The Great War Illustrated 1915 is the second in a series of five books covering each year of World War I. The more than 1,000 selected photographs are from the private archive of military collector and medals dealer Peter N. Taylor of Barnsley, in South Yorkshire, England. This is not just a collection of pictures, but 379 pages of corrected images, maps, and a brief explanation of their content. The photos shown here are from the book. Also included with each subject, action, or campaign is a very comprehensive explanation. The book is divided into seven chapters:
Chapter 1: Losses and Gains - Fighting at Sea, includes Naval and Marine action at Dogger Bank and Gallipoli, the Lusitania, and many other associated photos.
Chapter 2: Middle East and the Gallipoli Failure, includes the Suez Canal, ANZAC participation, Turkish units, and the Gallipoli campaign itself.
Chapter 3: The Battle of Neuve Chapelle, includes Indian troops, extensive order of battle, German photos and the aftermath.
Chapter 4: The Second Battle of Ypres – Hill 60 – Gas; trench warfare, destruction of Ypres, No Man’s Land, the use of poison gas and the efforts to minimize its effect.
Chapter 5: Zeppelin Attack – Incentives to Join the Colours; background starts with LZ1 in 1900, then the bombing of Yarmouth and other sites in 1915, the different types of bombs used, British defenses, and the execution of Edith Cavell.
Chapter 6: The New Army – The Armaments; recruiting, equipping, training, the manufacture of the tons of ammunition, barbed wire, etc.
Chapter 7: The Battle of Loos; The first British use of gas, conferences of Allies, aerial photography and devastation.
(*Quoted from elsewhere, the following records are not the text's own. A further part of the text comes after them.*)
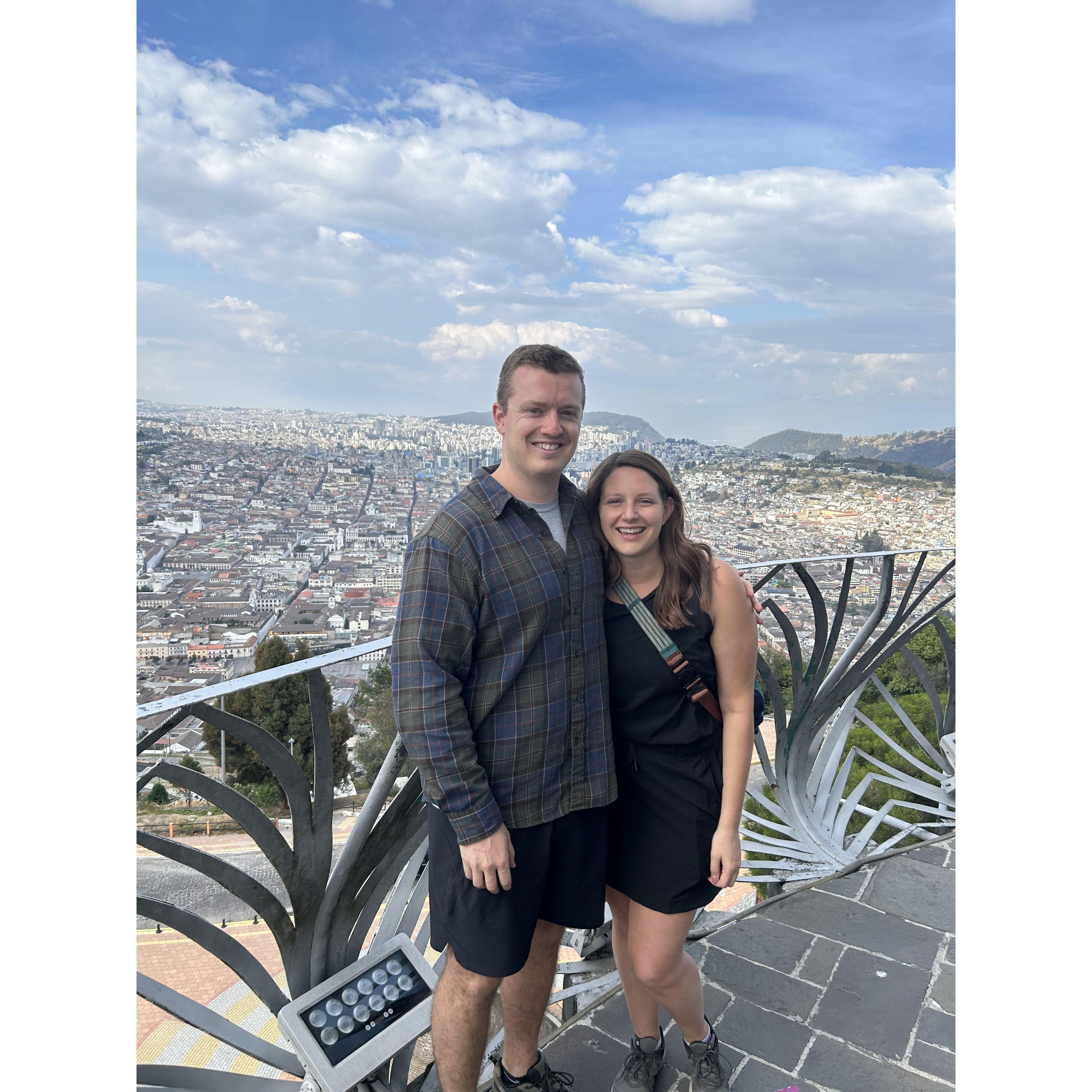 Visiting Quito, Ecuador
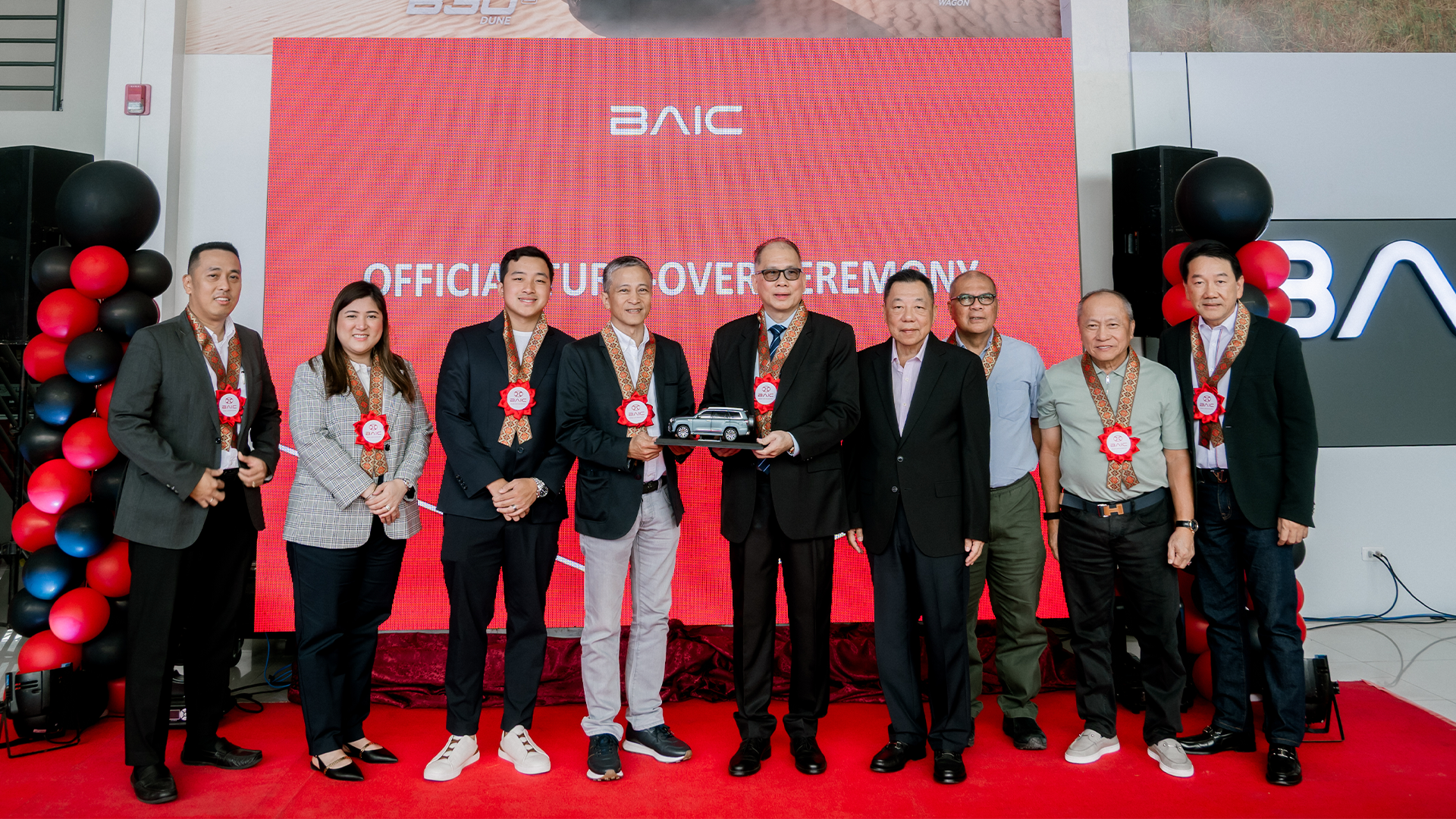 New BAIC Davao Facility Boosts Sales and EV Service Capability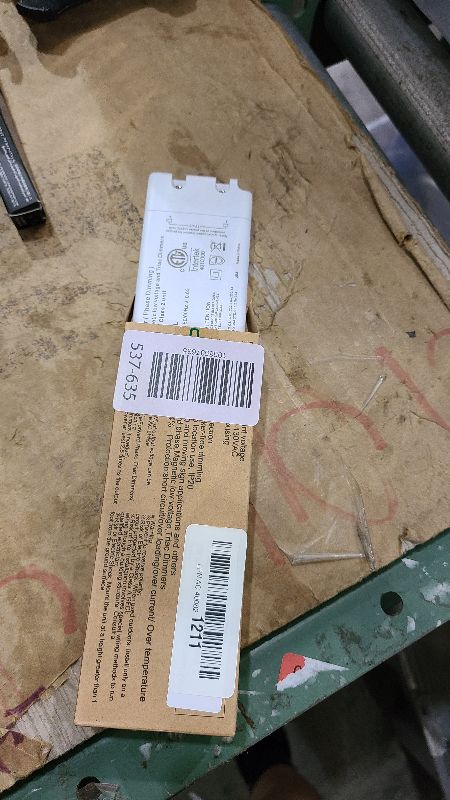 Photo 1 of 25W Dimmable Driver LED Power Supply - ETL 12V DC Dimming LED Drivers Transformer Compatible with Lutron, Leviton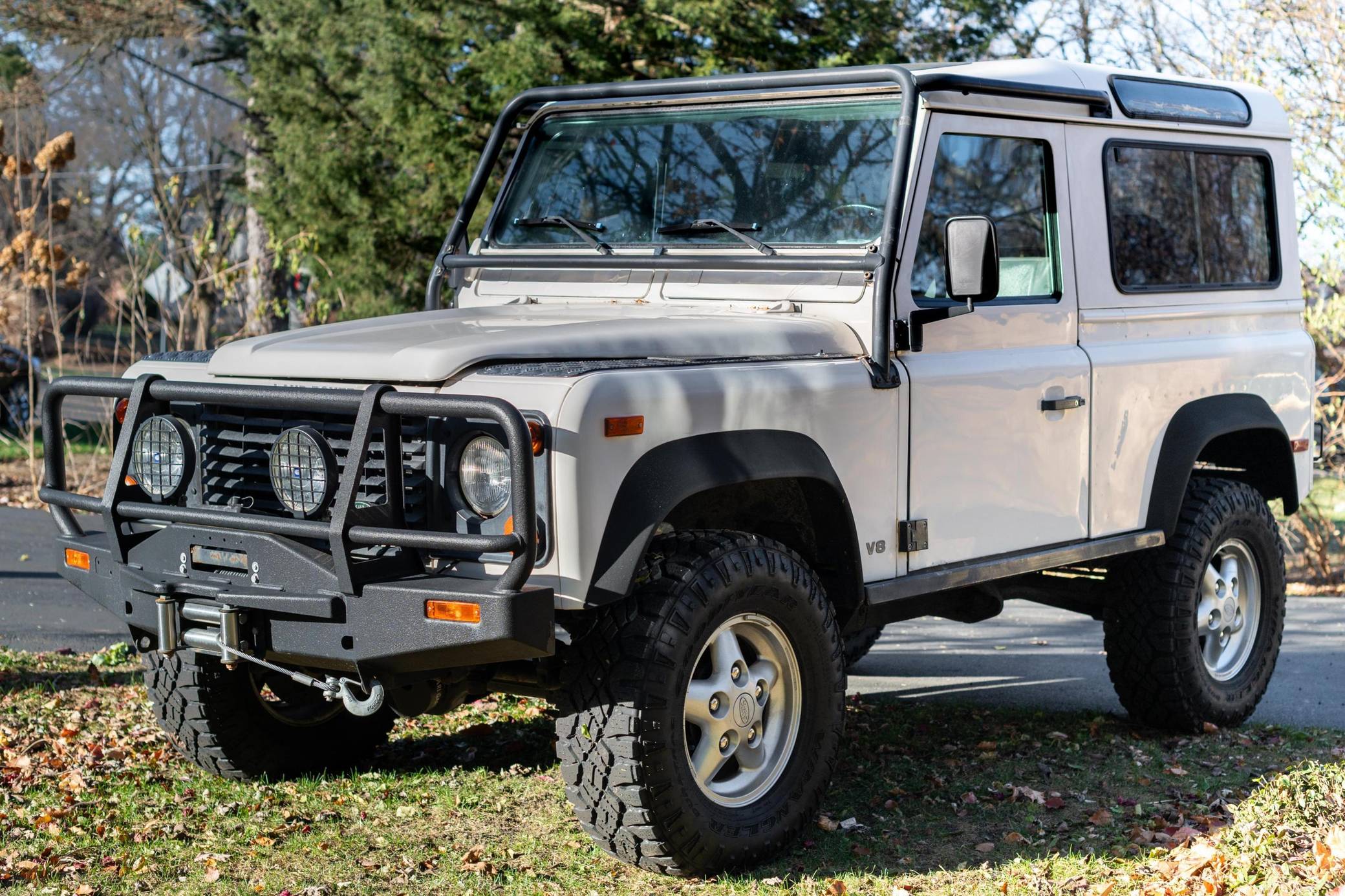 1995 Land Rover Defender 90 NAS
Each photo is numbered in the Taylor Library Archive for use by editors and authors. As can be seen from chapter titles, the book covers the Gallipoli campaign and the western front for 1915. Do not expect to see the war in Africa or other theaters. There are many photos of British, Indian, and ANZAC troops and their adversaries; however, there are few photos of the rest of the Entente. This collection is notably a British collection.